Directions for this task = Your task is to retype, exactly, the line containing "Hunt Elk Mountain" and every later line through the end of the listing, with pictures omitted.

Material provided =

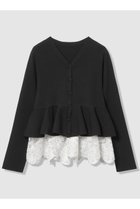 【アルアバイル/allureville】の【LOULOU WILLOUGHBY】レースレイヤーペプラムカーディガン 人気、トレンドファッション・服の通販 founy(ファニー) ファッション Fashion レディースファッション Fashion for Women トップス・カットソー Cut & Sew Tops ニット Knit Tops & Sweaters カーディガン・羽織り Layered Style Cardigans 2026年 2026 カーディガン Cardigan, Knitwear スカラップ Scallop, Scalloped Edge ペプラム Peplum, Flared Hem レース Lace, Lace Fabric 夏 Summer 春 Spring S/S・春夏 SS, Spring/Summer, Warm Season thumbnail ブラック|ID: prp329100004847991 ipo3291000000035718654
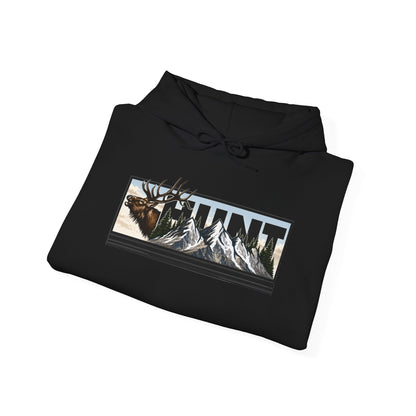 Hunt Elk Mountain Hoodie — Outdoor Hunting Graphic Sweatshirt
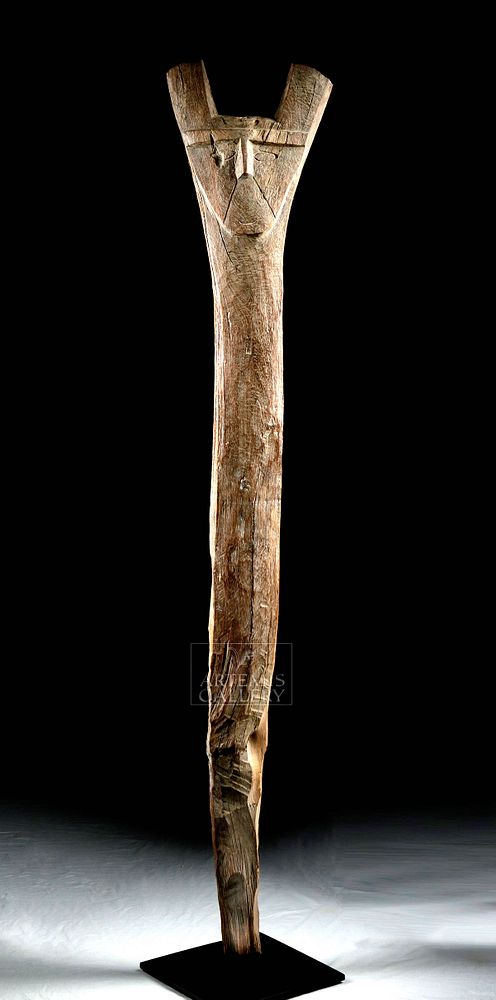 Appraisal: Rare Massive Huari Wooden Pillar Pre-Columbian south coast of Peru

Solved exercise =
 Hunt Elk Mountain Hoodie — Outdoor Hunting Graphic Sweatshirt
 Appraisal: Rare Massive Huari Wooden Pillar Pre-Columbian south coast of Peru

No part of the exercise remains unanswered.